14En nous transportant de la révélation théologique à la fable socio-psychologique, les écrivains ont opéré un mouvement de désacralisation du transcendantal, accentué par ceux qui dénonçaient ce qu’il pouvait y avoir d’hypocrisie et d’impostures dans l’éducation religieuse infligée aux enfants et qu’eux-mêmes avaient parfois subie. Néanmoins, ce mouvement d’analyse critique est doublé par un réinvestissement dans l’irrationnel caractéristique de toute œuvre de fiction dont la créativité implique une part de mystère. En inventant un mythe littéraire de l’enfance hermétique et christique, les romanciers nous ont aussi redonné le sens du sacré, mais il s’agit cette fois d’un sens immanent du divin.

15L’intérêt de ces récits, envisagés sous cet angle, est pour l’essentiel d’ordre éthique : l’enfant est un modèle de comportement. Dans ce mythe romantique et/ ou chrétien, il est non seulement objet d’admiration ou d’adoration et de vénération, mais sujet ; un sujet dont la vision magique ou l’imagination fervente magnifie la création, idéalise ses proches et divinise ses parents. Il est à la fois mythifié et mythifiant. Les romanciers ont naturellement exploité cette vertu mythopoïétique.

16Les poétiques de l’enfance s’efforcent d’adopter le regard virginal et décapant de l’enfance ou tentent, à travers le souvenir que l’écrivain a gardé de cet âge primordial, d’en retrouver l’enchantement.

Notes de bas de page

1 Je renvoie à deux de mes études : une analyse thématique qui s’appuie sur des nouvelles et une autobiographie de l’enfance, « L’età favolosa. Cicognani et ses souvenirs fabuleux », Novecento, no 2, 1984, p. 181-221 ; une psychocritique « Symphonie en blanc. Le théâtre de l’enfance et le fantasme de la mauvaise mère dans l’univers poétique de Gianna Manzini », Novecento, no 4, 1985, p. 187-235.
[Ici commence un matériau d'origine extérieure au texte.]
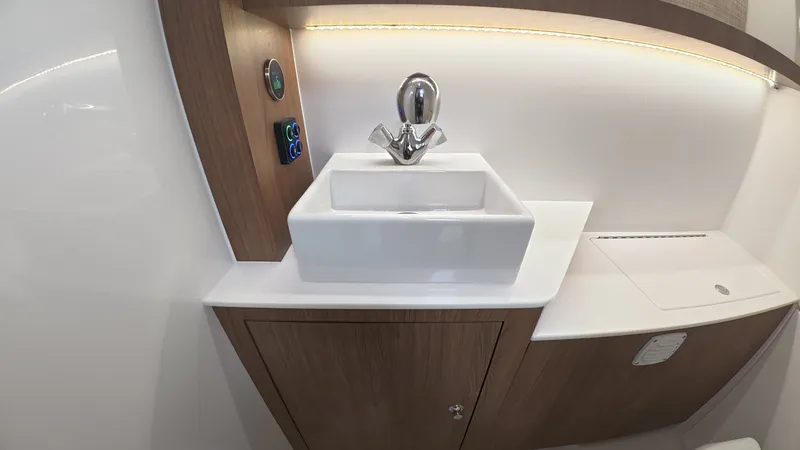 Slide: The Image of The image shows a modern boat bathroom with a stylish sink and wood paneling. - 37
2 Les deux couleurs, le blanc de la neige et le rouge du sang, se retrouvent au moment de la mort : dans Il pianto della Vergine (« Donna diparadiso... »), lande du xiiie siècle de Jacopone da Todi, la Vierge au pied de la croix appelle son fils « Figlio bianco e vermiglio ».

3 Cahiers de la Quinzaine, XIII, décembre 1912, cité notamment par George Boas, Il culto della fanciullezza.